Tracks file metadata to enable incremental embedding updates.

This module maintains a registry of analyzed files with their content hashes, modification times, and associated entities (modules, functions). It enables smart diff detection to determine which embeddings need regeneration when files change.

Strategy

  1. Content Hashing: SHA256 hash of file content for reliable change detection
  2. Entity Tracking: Map files to their contained entities (modules, functions)
  3. Incremental Updates: Only regenerate embeddings for changed files
  4. Performance: <5% regeneration on typical single-file changes

Usage

# Track a file after analysis
FileTracker.track_file("/path/to/file.ex", analysis_result)

# Check if file has changed
FileTracker.has_changed?("/path/to/file.ex")

# Get entities that need regeneration
FileTracker.get_stale_entities()

# Clear tracking for deleted files
FileTracker.untrack_file("/path/to/file.ex")

Summary

Functions

Clears all tracked files.

Exports tracking data for persistence.

Returns entities from files that have changed.

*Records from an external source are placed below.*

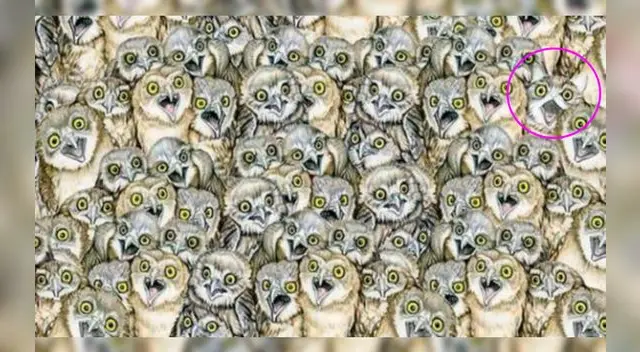 Desliza para ver la respuesta del reto visual de Facebook.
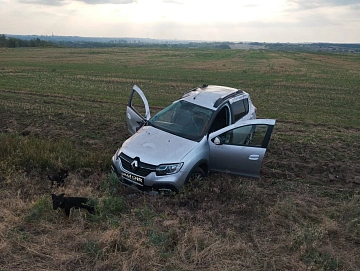 Renault Sandero, 2019г, передний привод, автомат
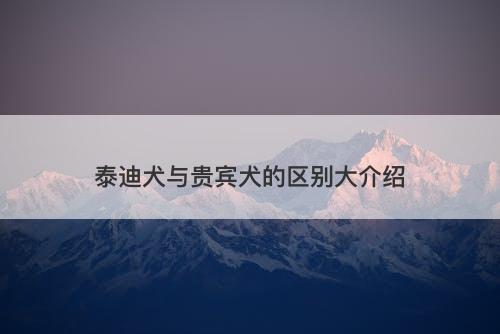 泰迪犬与贵宾犬的区别大介绍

Checks if a file has changed since it was last tracked.

Imports tracking data from persistence.

Initializes the file tracker ETS table.

Returns a list of all tracked files.

Returns statistics about tracked files.

Tracks a file with its metadata and associated entities.

Removes tracking for a file.

Types

entity_ref()

@type entity_ref() :: {:module, term()} | {:function, term()}

file_metadata()

@type file_metadata() :: %{
  path: String.t(),
  content_hash: binary(),
  mtime: integer(),
  size: integer(),
  entities: [entity_ref()],
  analyzed_at: integer()
}

Functions

clear_all()

Clears all tracked files.

Used when performing a full refresh or clearing the cache.

export()

Exports tracking data for persistence.

Returns a map that can be serialized and stored alongside embeddings.

get_stale_entities()

Returns entities from files that have changed.

This is used to determine which embeddings need to be regenerated. Returns a list of {entity_type, entity_id} tuples.

has_changed?(file_path)

Checks if a file has changed since it was last tracked.

Returns {:changed, old_metadata} if the file has changed, {:unchanged, metadata} if it hasn't, or {:new, nil} if the file was never tracked.

import(data)

Imports tracking data from persistence.

Restores file tracking state from a previously exported state.

init()

Initializes the file tracker ETS table.

Called automatically by the application supervisor.

list_tracked_files()

Returns a list of all tracked files.

stats()

Returns statistics about tracked files.

track_file(file_path, analysis_result)

Tracks a file with its metadata and associated entities.

Parameters

  • file_path - Absolute path to the file
  • analysis_result - Analysis result containing modules and functions

Returns

  • :ok on success
  • {:error, reason} on failure

untrack_file(file_path)

Removes tracking for a file.

Used when files are deleted or need to be re-analyzed from scratch.